# What causes the HDR "halo" and how do you get rid of it?



## inTempus (Apr 10, 2009)

I've noticed that most of the HDR images I've done (not very many at all) and others that I've seen posted have this halo of light around the subject.

Example:







It's obvious around the buildings.

What can be done in Photomatix to get rid of this halo?  Or is this something inherent to HDR's and has to be dealt with using special Photoshop-fu?


----------



## rufus5150 (Apr 10, 2009)

It's not any one thing, it's the combination of controls which boost contrast. Light smoothing is often the granddaddy of halo creation and microcontrast can induce some as well.


----------



## Mike_E (Apr 10, 2009)

Information that doesn't exist would be my guess.  Stretch the curves that much and you are bound to thin out the original and find the white underneath.


----------



## tsaraleksi (Apr 10, 2009)

It only makes sense that when you are relying on software to decide what should be light and what should be dark, and dealing with radically different exposures, that it will be screwy. The best way I can think of to fix it would be to just do the exposure layering by hand.


----------



## Marc Kurth (Apr 10, 2009)

Mike_E said:


> Information that doesn't exist would be my guess.  Stretch the curves that much and you are bound to thin out the original and find the white underneath.



I saw that too:

http://www.thephotoforum.com/forum/beyond-basics/161805-edr-just-what.html


----------



## Marc Kurth (Apr 10, 2009)

tharmsen said:


> I've noticed that most of the HDR images I've done (not very many at all) and others that I've seen posted have this halo of light around the subject.............................................



Was that from a single raw image, or actual multiple exposures?
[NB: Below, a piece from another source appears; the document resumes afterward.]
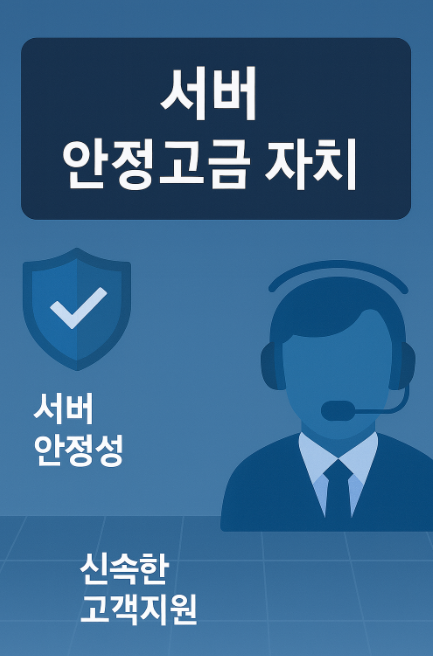 e2b3b3831295327b950a95396a189fac_1758777201_5956.png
If so, how many?

I noticed that HDRsoft was looking to hire some new programming talent awhile back. One of the items that would put your resume near the top of the pile was the ability to express ideas on how to perform halo reduction in their software.

Marc


----------



## inTempus (Apr 10, 2009)

Marc Kurth said:


> Was that from a single raw image, or actual multiple exposures? If so, how many?
> 
> I noticed that HDRsoft was looking to hire some new programming talent awhile back. One of the items that would put your resume near the top of the pile was the ability to express ideas on how to perform halo reduction in their software.
> 
> Marc


It was composed from (7) individual shots, bracketed by my camera.
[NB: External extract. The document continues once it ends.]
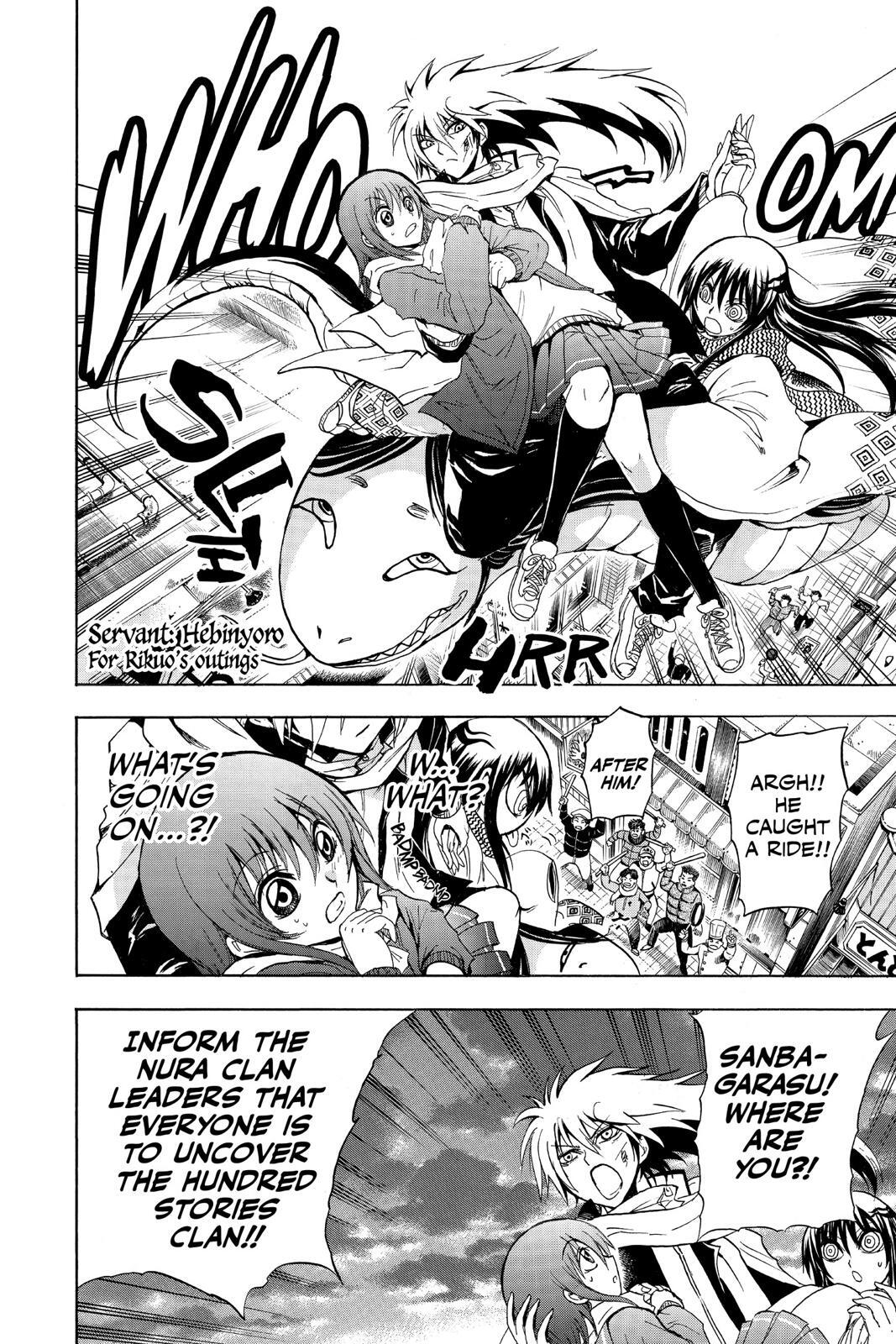 Read Nura- Rise of the Yokai Clan Manga Online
I hope they figure out a way to reduce that halo.    It would make me buy their software all over again.


----------



## Arch (Apr 10, 2009)

Its not really much to do with amount of exposures or info.

My best explanation of what happens, from what i know already, is that it is more to do with local contrast... the tone mapping stage.
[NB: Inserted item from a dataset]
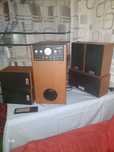 Sistem 5.1 Genius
Areas which need alot of dynamic range information, like buildings, tree's etc will be making full use of the under and over exposed images which make up the HDR. What the software struggles to do, is restrain that information to a very tight area of the image.
This is why you can increase and decrease the amount of halo buy changing strength, light smoothing and micro contrast.
You are effectively allowing the software to either give you a large contrast definition area, making the HDR look stronger but also making halo's large. Or you can make the contrast more controlled, having a lesser HDR strength but also producing less halo's.

Basically, the software is not yet able to control the area of spill out, and it is especially obvious when the area which has the most range is next to an open space or sky.

Im not sure what the makers of Photomatix would say, but my take is just by observation and knowledge of HDR.


----------



## George Hawkins (Apr 12, 2009)

Take a look at George Hawkins Photography and click on the "Articles" link.


----------



## inTempus (Apr 12, 2009)

George Hawkins said:


> Take a look at George Hawkins Photography and click on the "Articles" link.


Thanks!


----------



## inTempus (Apr 12, 2009)

I was over at the inlaws today for Easter dinner.  Of course I use every possible opportunity to go shoot something.  I snuck out of the house and ventured around the woods a little to get some pictures.  I wanted to try a different HDR and see if I could work on the halo based upon some feedback here.

I think I got rid of most of it in this image... but then I've been staring at it for an hour... I probably just can't see it anymore.    I know the subject isn't particularly exciting, but I was more looking for something that would make a decent HDR than I was trying to find that perfect subject.


----------